Have guns, will travel
"Serious" Sam Stone is the stereotypical tough guy. He's a big, lantern-jawed, unstoppable force of destruction who's equipped with a one-liner for every situation. He's also Earth's last and only hope against intergalactic bad-guy Mental, who he's been chasing after for three games now. Although there is a bit more story than this in Serious Sam II, told in goofy cut scenes at the beginning and end of every level, none of it is very important. Action is all that matters, and this is what the game delivers by the truckload.

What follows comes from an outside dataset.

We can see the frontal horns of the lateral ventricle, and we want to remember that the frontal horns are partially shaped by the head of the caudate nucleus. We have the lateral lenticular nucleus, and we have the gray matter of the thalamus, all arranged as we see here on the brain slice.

Serious Sam II starts out at an easy pace. Sam is dumped in a jungle village filled with the short little guys who are the harmless inhabitants of the game's many worlds. The sun is bright, the sky clear, and there's even a basketball available to show off Sam's new ability to lift, carry, and throw things. The bad guys start attacking soon enough, though, and then begins a killing spree lasting more than thirty levels spread out over a huge variety of terrain.
Like a vacation crossed with a killing spree
Whether it's the semi-tropical jungle, medieval and Asian-themed towns, an industrial prison planet or a futuristic city, Sam has a very simple goal -- blast everything. Old favorites like the shotgun (in both single and double-barrel style), rocket launcher, machine gun and plasma rifle are joined by new toys like grenades and bomb-toting kamikaze parrots. Adding to the destructive joy are new vehicles to play with, all loaded with weaponry, and even stationary gun emplacements. All this potential for mayhem is brought to bear on the thousands of enemies in the game, usually found swarming Sam by the dozens.
It's a simple formula that works great -- keep the pressure on almost constantly. There's a new threat around every corner and it's always a blast to tackle. Clearing out hundreds of braindead-yet-determined enemies per level always makes for good entertainment, and the tight control means you never feel too ripped off when you die. What Serious Sam does best is make you feel armed, dangerous and ready for anything. It's testosterone-fueled mayhem at its finest.